**Data provided:**

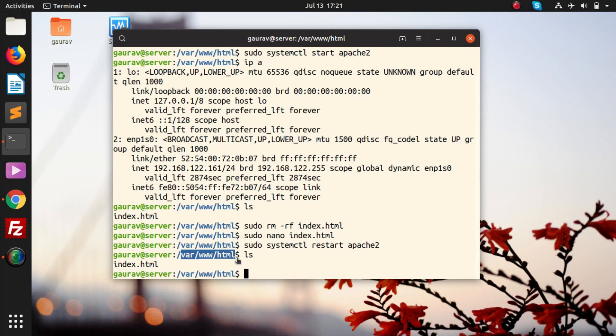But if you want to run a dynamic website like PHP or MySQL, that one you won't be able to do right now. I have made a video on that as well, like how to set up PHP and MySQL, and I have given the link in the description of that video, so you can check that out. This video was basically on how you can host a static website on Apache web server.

==

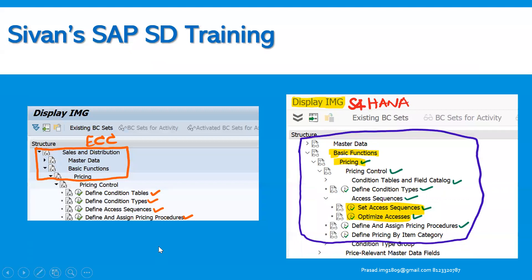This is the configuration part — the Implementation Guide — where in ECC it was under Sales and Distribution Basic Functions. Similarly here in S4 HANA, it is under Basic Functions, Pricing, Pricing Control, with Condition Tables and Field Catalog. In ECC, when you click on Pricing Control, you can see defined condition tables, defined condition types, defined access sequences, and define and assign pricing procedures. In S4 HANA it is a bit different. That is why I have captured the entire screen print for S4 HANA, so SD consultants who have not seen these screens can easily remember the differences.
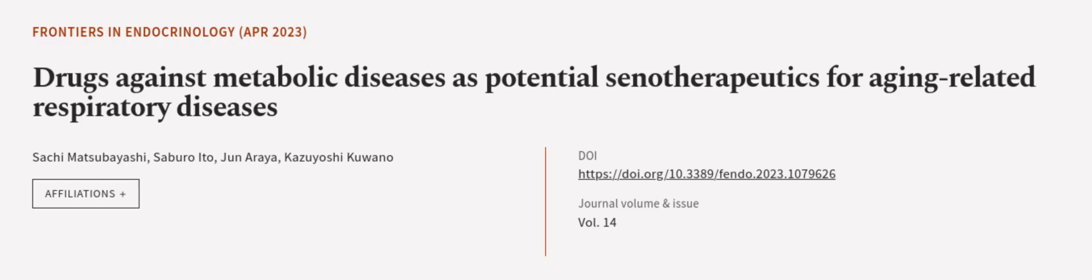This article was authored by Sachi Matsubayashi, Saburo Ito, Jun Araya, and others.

...

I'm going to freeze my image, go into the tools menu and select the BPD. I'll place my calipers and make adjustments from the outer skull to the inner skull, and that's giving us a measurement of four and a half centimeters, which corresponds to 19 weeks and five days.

**How to complete this task:** Look back at the data above, then output exactly the lines from the line holding "This is the" up to and including the line holding "This article was". Leave out the pictures.

**Response:**
This is the configuration part — the Implementation Guide — where in ECC it was under Sales and Distribution Basic Functions. Similarly here in S4 HANA, it is under Basic Functions, Pricing, Pricing Control, with Condition Tables and Field Catalog. In ECC, when you click on Pricing Control, you can see defined condition tables, defined condition types, defined access sequences, and define and assign pricing procedures. In S4 HANA it is a bit different. That is why I have captured the entire screen print for S4 HANA, so SD consultants who have not seen these screens can easily remember the differences.
This article was authored by Sachi Matsubayashi, Saburo Ito, Jun Araya, and others.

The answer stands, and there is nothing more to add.